Eighty Howard Dean volunteers in Philadelphia organized themselves and attended a Phillies game together in their Dean T-shirts. They were featured on the scoreboard. (Jennifer Powers)


By Lois Romano
Washington Post Staff Writer
Monday, September 22, 2003; Page A01

By day, Jennifer Powers is a grant-writer for a school for the deaf, a Gen X'er who in past elections was like millions of others who vote but don't pay much attention to politics -- and certainly don't lift a finger to help any particular candidate.

That changed for Powers a few months ago, when the 32-year-old Philadelphian, driven by a newfound passion, switched her voter registration from independent to Democrat and became an unpaid operative for Howard Dean's presidential campaign in Pennsylvania. Today, Powers sits on a Philly4Dean (philly4dean.com) steering committee she helped set up, overseeing grass-roots volunteers she helped recruit, and communicates online with a database of 2,000 prospective Dean supporters that she helped build.

She said she does this 30 to 40 hours a week after her day job and with only online direction from the Dean campaign -- and she is not alone.

Thousands of Dean supporters -- many of whom profess never to have been active before -- have taken to the streets on their own initiative to pass out Dean fliers at urban fairs and farmers markets, donate blood and clean up beaches in his name, and raise millions of dollars for the former Vermont governor at house parties.

Although few of these volunteers have ever spoken to anyone from the national headquarters, Dean, once among the least known of the Democratic presidential field, now appears to many to be among the best organized as he leads the pack in fundraising and surges ahead in polls.

Political strategists say that what began in January as a quirky, long-shot Internet strategy to attract online supporters to the dark-horse candidate could revolutionize presidential politics by minimizing the importance of television media and empowering grass-roots organizers. Advisers to Wesley K. Clark, the latest addition to the Democratic field, have indicated that the retired general will use a similar model and try to translate the success of the online Draft Clark movement into a national grass-roots organization.

"It's just extraordinary," said Dick Morris, a political consultant who advised Bill Clinton. "It's part of a new era -- back to basics.
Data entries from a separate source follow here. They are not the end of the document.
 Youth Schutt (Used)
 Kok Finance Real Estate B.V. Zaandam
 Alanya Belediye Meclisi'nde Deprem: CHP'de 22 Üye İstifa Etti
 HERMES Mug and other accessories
Howard Dean is using the Internet in an entirely guerrilla marketing approach. By this process, he's developed a massive grass-roots list. It's active and participatory, and people feel engaged. . . . You're brought in by friends and family. It's bottom-up, and people love that; they feel empowered."

Dean's field operation has taken on such a life of its own that campaign officials have been frenetically working to stay out ahead of it by continually developing Dean's already intricate Web site to better communicate with supporters and by starting to tap the largely unknown volunteers for specific projects. On Saturday, the campaign will dispatch to Iowa and New Hampshire 500 "Texas Rangers," Dean volunteers from President Bush's home state, to push for Bush's defeat next year.
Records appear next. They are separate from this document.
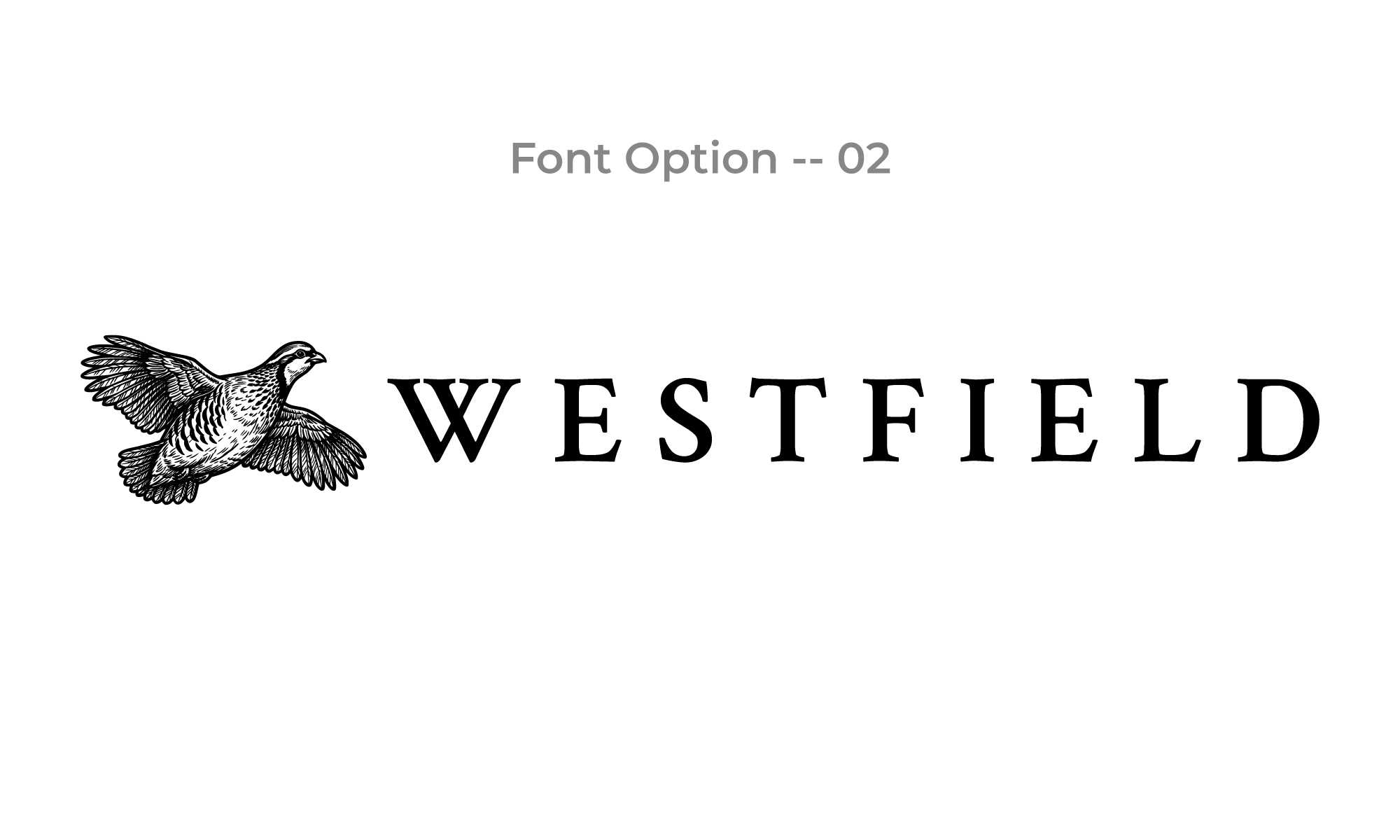 Logo Design by Md Hasin Israk for this project | Design #37131690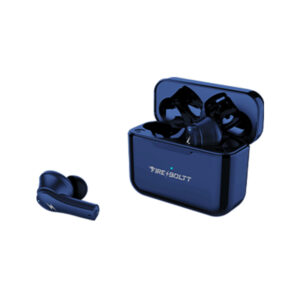 Fire-Boltt Fire Pods Ninja Pro 403 Earbuds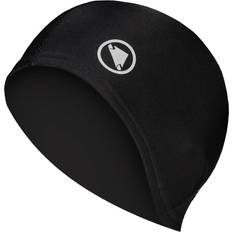 Poliamida Gorras Endura FS260 Pro Negro - Black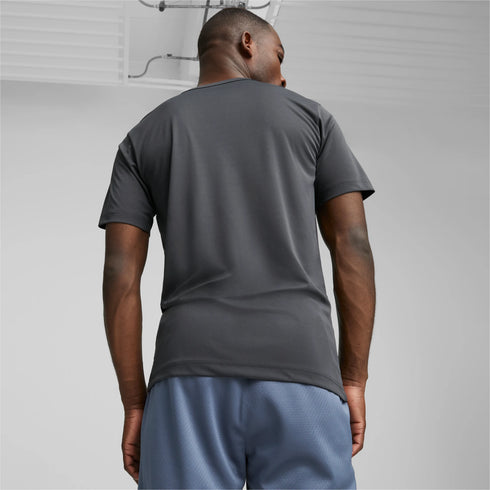 PUMA Men JERSEY | 65861403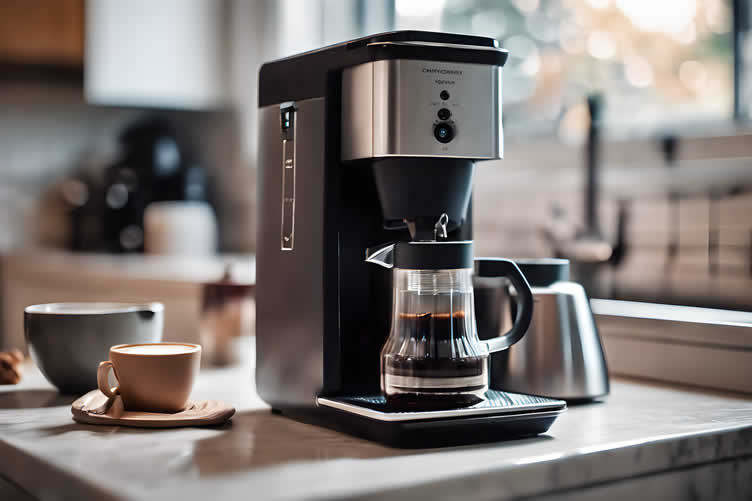 innovative kitchen gadgets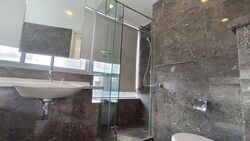 Suites @ Cairnhill (D9), Apartment #602861191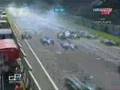 GP2 series 2006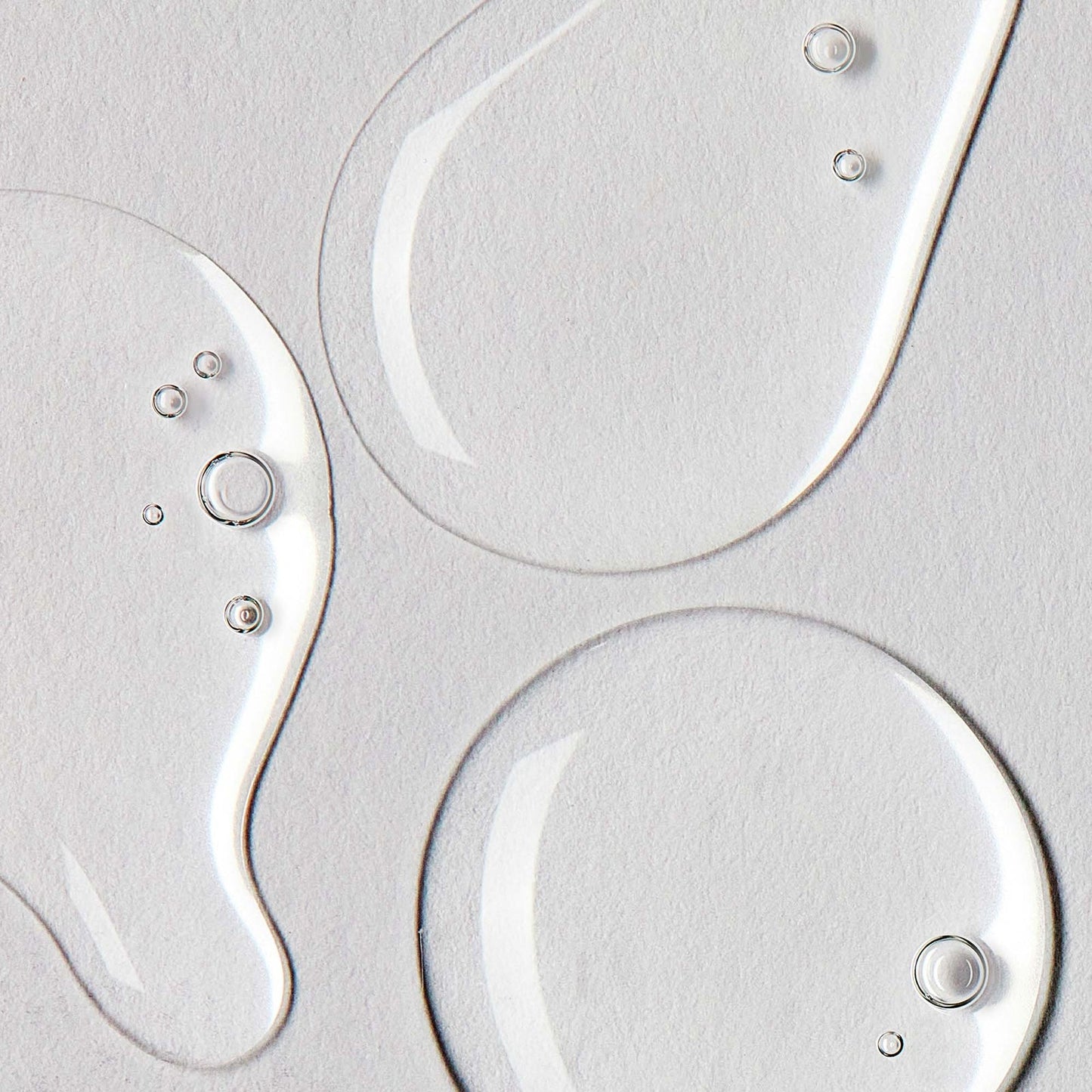 Elemis Pro-Collagen Marine Moisture Essence 100ml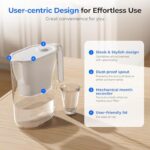 510vrcee9dl. ac us800 .jpg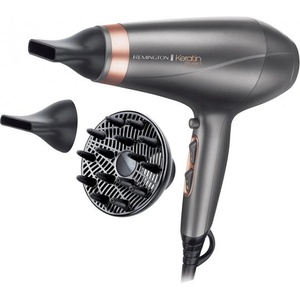 Remington AC8820 Сешоари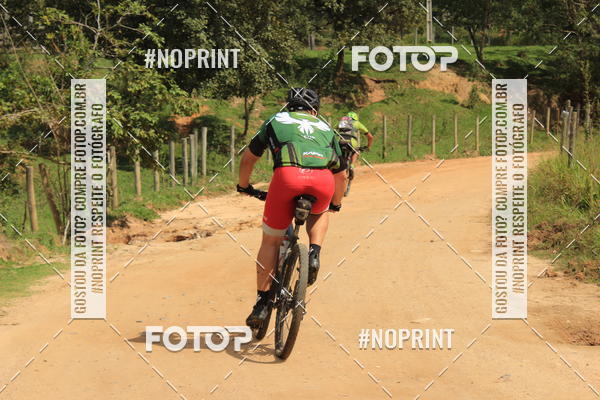 Buy your photos of the eventPedal de ferro on Fotop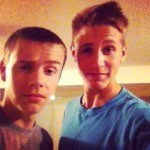 Tim Veldman - @bangarangt - Instagram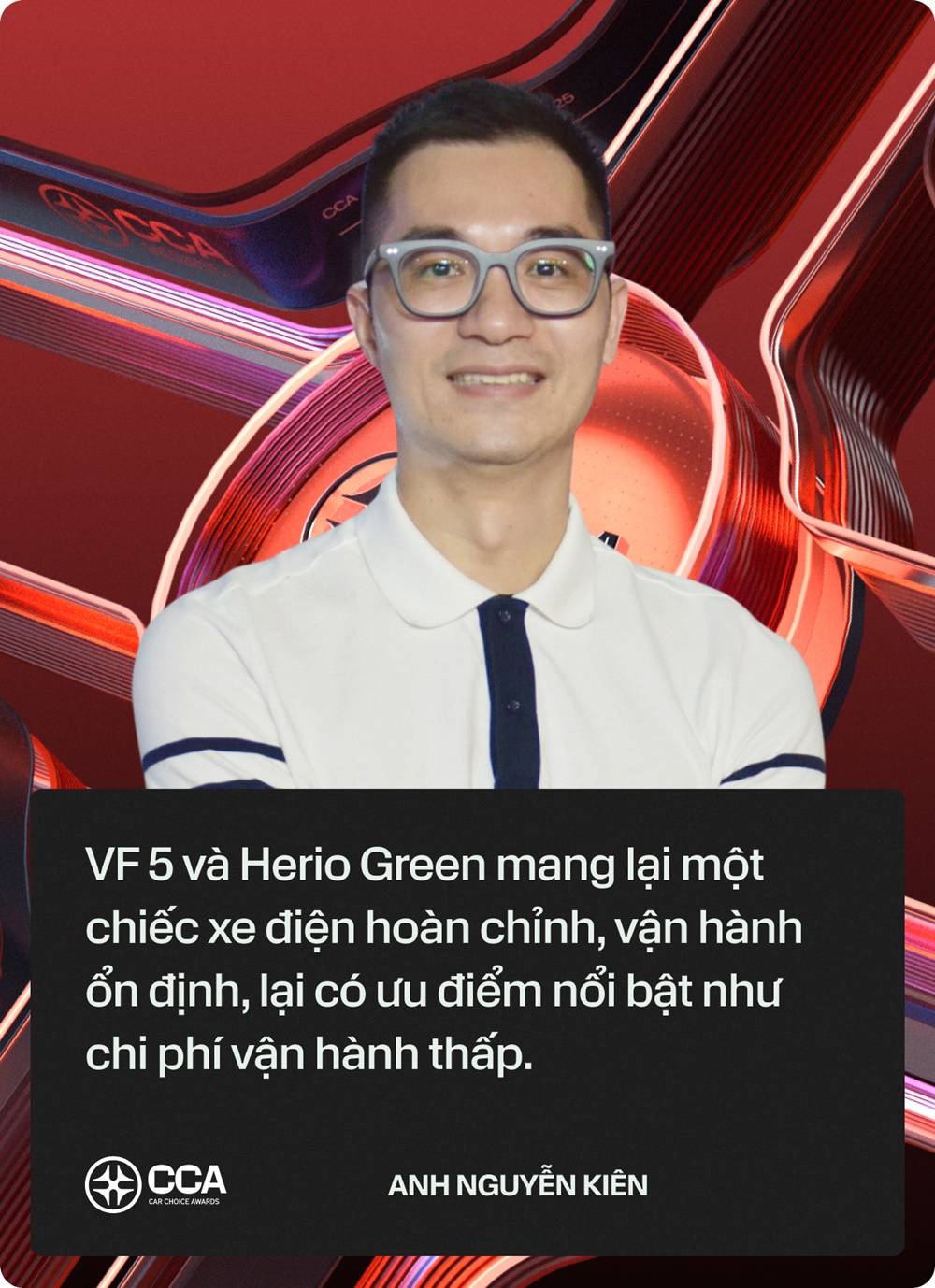 xe dich vu nguyen kien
Campaign officials have posted on the Dean Web site, www.deanforamerica.com, Federal Election Commission regulations that govern contributions of time and money to ensure the largely undirected, novice volunteers stay in compliance.

Tom Rath, a GOP New Hampshire national committeeman, said that what has impressed him about the Dean organization is its ability to turn out enormous crowds at events. "That tells me they are touching people that haven't been touched before. They have generated a system that no longer relies on the best signs or best precinct captains."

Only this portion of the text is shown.